„Die europäische Brille absetzen“
Am 20. Juni wird an der Freien Universität das Dahlem Center for Linguistics gegründet / Interview mit Professor Ferdinand von Mengden
16.06.2025
Die Laut-Buchstaben-Beziehung an einer Grundschule in Tansania: Im Zentrum der Eröffnungsveranstaltung des DCL am 20. Juni stehen afrikanische Sprachen.
Bildquelle: Rachel Chilton / USAID
Die interdisziplinären Forschungsschwerpunkte reichen von Systemlinguistik, Mehrsprachigkeit und Spracherwerb über Sprache in sozialen Kontexten bis hin zu Neurolinguistik. Ein zentrales Anliegen des DCL ist die Förderung des wissenschaftlichen Nachwuchses in einem frühen Karrierestadium. Ein Gespräch mit Professor Ferdinand Mengden, Leiter und Sprecher des neuen Centers, über Ziele, sprachliche Diversität und Alleinstellungsmerkmale.

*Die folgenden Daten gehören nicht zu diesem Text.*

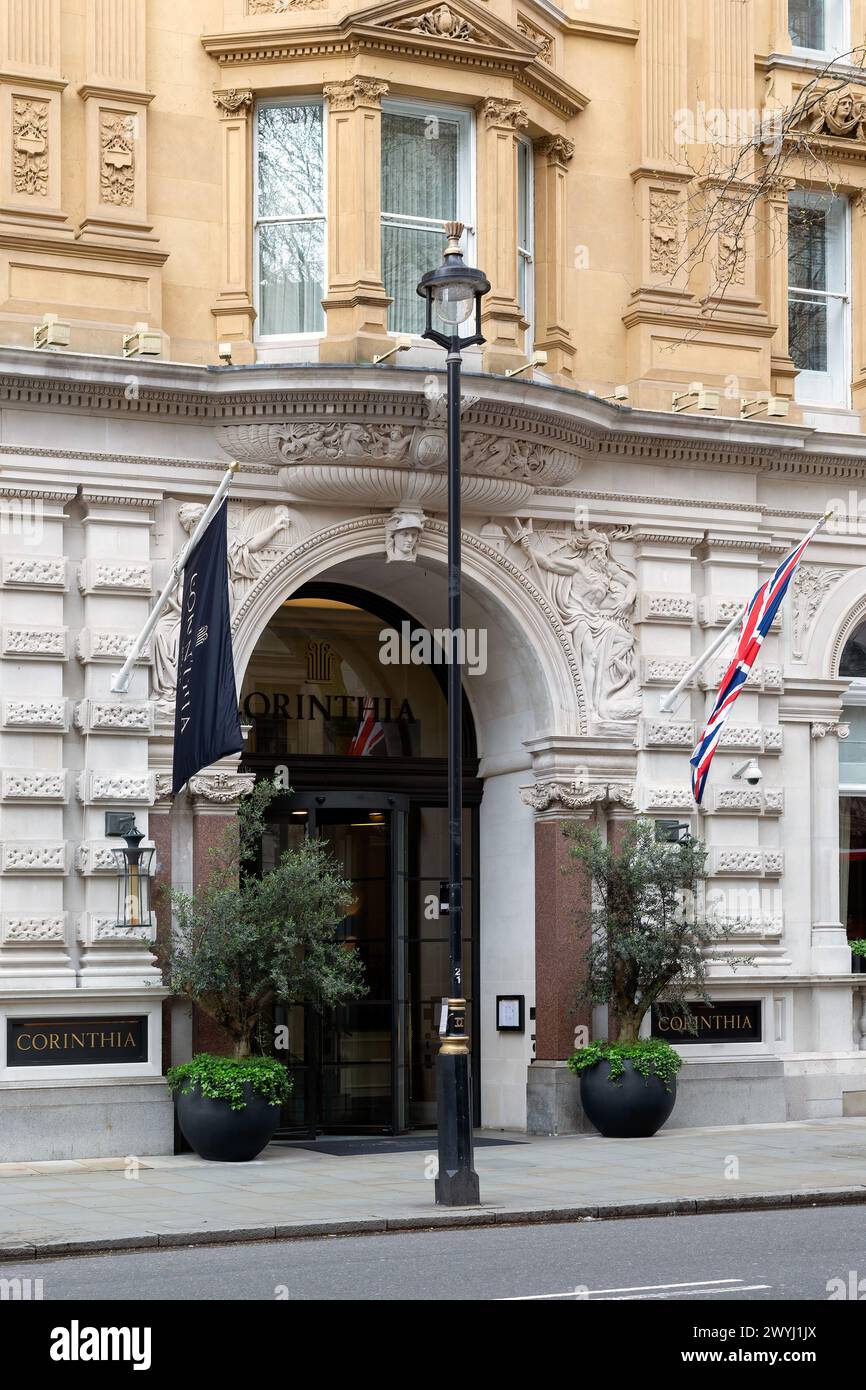 LONDON, Großbritannien - 2. APRIL 2024: Eintritt zum Corinthia Hotel in Whitehall Place Stockfoto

Herr Professor von Mengden, es gab an der Freien Universität 20 Jahre lang das „Interdisziplinäre Zentrum Europäische Sprachen“ (iZEUS). Warum wird nun das neue Dahlem Center for Linguistics gegründet?
Professor Ferdinand von Mengden, Leiter und Sprecher des neuen Centers for Linguistics (DCL).
Bildquelle: Privat
Es gibt einige Gründe dafür, die teilweise auch etwas mit veränderten Organisationsformen an der Freien Universität zu tun haben. Der wichtigste Grund aber ist wohl, dass sich unsere eigenen Schwerpunkte geändert haben und dass die Zuschreibung „europäisch“ in der Linguistik nicht mehr so gut funktioniert: Sprachen wie Englisch oder Spanisch sind heute weitgehend außereuropäische Sprachen.
Und viele Phänomene, mit denen sich die Sprachwissenschaft heute befasst, sind gar nicht territorial zu begreifen. Viele Sprachpraktiken und für die linguistische Forschung interessante Phänomene lassen sich eher in Dimensionen wie „global“ vs. „praxisspezifisch“, „urban“ bzw. „kosmopolitisch“ vs. „lokal“ o. ä. erfassen.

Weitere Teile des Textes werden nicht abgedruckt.